Capitalize the first letter of each sentence (e.g., "it was the best..." should become "It was the best..."). To do so, split the sentences (you may assume sentences are ended with the a period `.` followed by a blank space), capitalize the first letter of each sentence, and then join the results.

When you finish, print the first 1,000 characters. You do not need to write anything else in your answer.

In [None]:
sentences = text.split('. ')
for i in range(len(sentences)): 
    sentences[i] = sentences[i][0].upper() + sentences[i][1:]
res = '. '.join(sentences)
print(res[:1000])

### Question 2 (4 points)
Below we import the `corrupted_text.txt` file, a messed up version of `text.txt`, and print the first 1,000 characters.

In [None]:
# Run but do not modify this code
with open("corrupted_text.txt") as f:
    ctext = f.read()

print(ctext[:1000])

Fix the following problems to recover the original text that appeared in `text.txt`.

1. Every comma `,` has been replaced by `$`. Sometimes, but not always, this is followed by `####`. When it is followed by `####`, there are different numbers of blank spaces after the `####`.
2. Every period `.` has been replaced by `$\n\n`.

When you are finished, print the first 1,000 characters. You should see the same text as in `text.txt` above (except without the capitalization you worked on in the previous problem).  You do not need to write anything else in your answer.

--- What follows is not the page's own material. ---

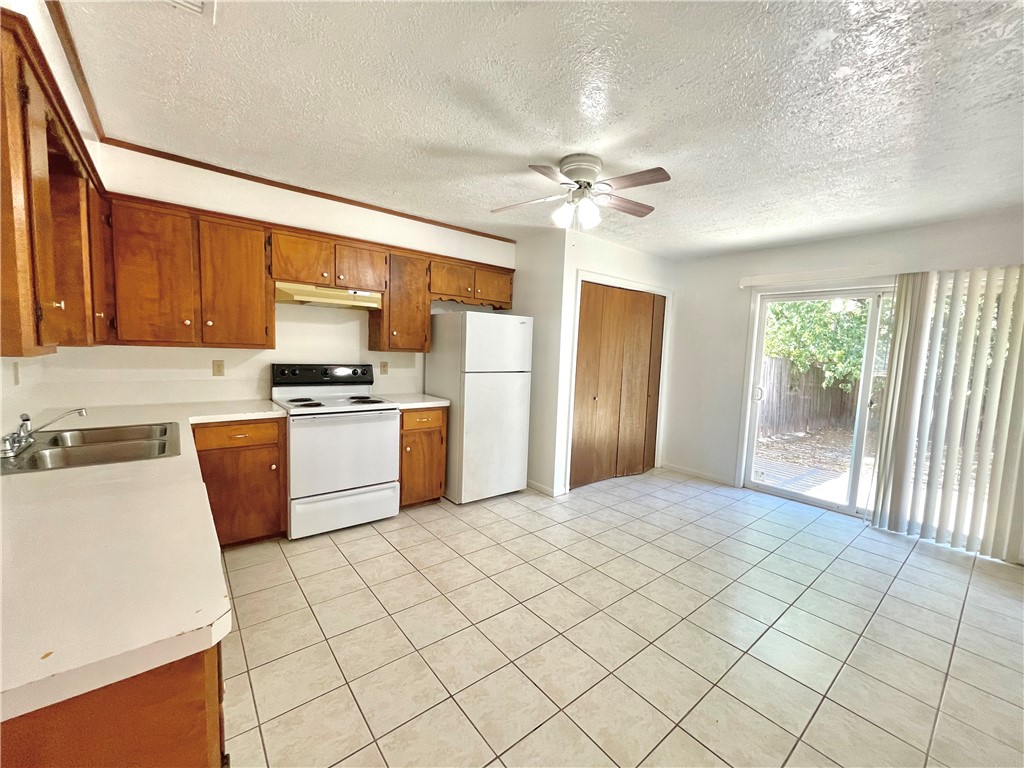 1424 Hawk Tree Drive Property Photo 5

Note: It may be helpful to recall that `\` is an escape character for Python strings, so for example, while calling `print("\n")` will simply print a blank newline character, calling `print("\\n")` will "escape" the usual meaning of the second backslash and print `\n`.

In [None]:
import re
fix_period = re.sub(r'\$\\n\\n', '.', ctext)
fix_comma = re.sub(r'\$#*\s+', ', ', fix_period)
print(fix_comma[:1000])


### Question 3 (8 points)
Below, we again import the `text.txt` file as a new string variable `ftext` (for "fresh" text if that helps).

In [None]:
# Run but do not modify this code
import re # Regular expression library
with open("text.txt") as f:
    ftext = f.read()

Write regular expressions and use the Python `re` module [documentation](https://docs.python.org/3/library/re.html) to answer the following questions about the file. You may assume that all characters are lowercase. You can print your answers directly from code (as long as they are clearly labeled) or you can write them in the markdown cell below.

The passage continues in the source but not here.